6. The method of claim 4 wherein the peptide is a soluble inhibitory form of fibronectin or a fragment thereof.

7. In a preferred embodiment expression, level, or activity is decreased in a fibroblast or an endothelial cell.

8. The method of claim 1, wherein the subject has a disorder or condition characterized by unwanted angiogenesis or which can be treated by decreasing angiogenesis.

9. The method of claim 1, wherein the subject has a disorder characterized by unwanted cell proliferation.

10. The method of claim 1, wherein the subject has cancer.

11. The method of claim 10, wherein the cancer is characterized by the presence of a solid tumor.

12. The method of claim 1, further comprising inhibiting a syndecan-4 co-receptor.
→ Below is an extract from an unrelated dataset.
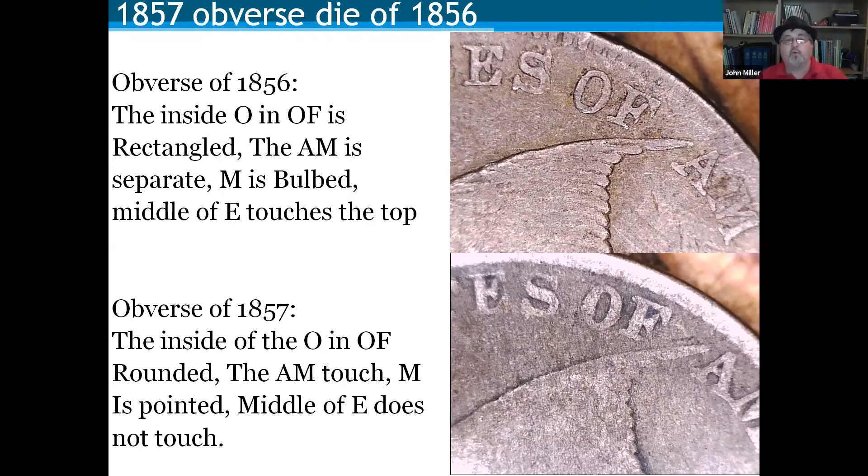Even in low grades you can tell you have an 1857 obverse of 1856. This coin has a value difference of about $30 to $40 versus $20 to $30 in circulated grades, but in higher grades it commands about $100 to $150 more. The real value is at a coin show — if you list it as an 1857 obverse of 1856, a collector who didn't know about it might buy both the regular and the variety. You end up getting double the sale. To own a coin struck by a die that should have been used in 1856 is something few people can do.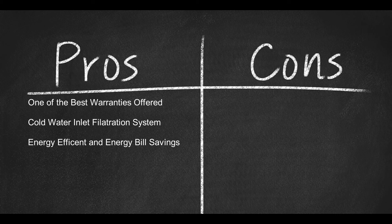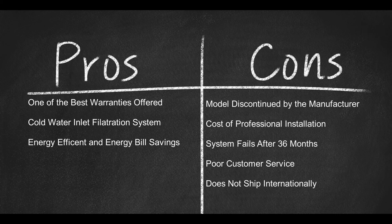Here are a few cons: the model was discontinued by the manufacturer, cost of professional installation, system fails after 36 months, poor customer service, and it doesn't ship internationally.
13. The method of claim 12, wherein the co-receptor is FGF-2 receptor.

14. The method of claim 13, wherein an anti-FGF-2 receptor antibody, anti-FGF-2 antibody, soluble ligand binding fragment of the FGF-2 receptor, or soluble co-receptor binding fragment of FGF-2 is administered to the subject.

15. A method of identifying a compound which can be used to inhibit angiogenesis, comprising:

providing a cell, a tissue, or a subject;

treating the cell or the tissue, or the subject with a candidate compound; and

determining the level of syndecan-4 nucleic acid or syndecan-4 protein, wherein the ability of the compound to decrease sydecan-4 nucleic acid or syndecan-4 protein is indicative of a compound which can be used to inhibit angiogenesis.

16. The method of claim 15, further comprising evaluating a control cell, tissue or subject that is not treated with the candidate compound.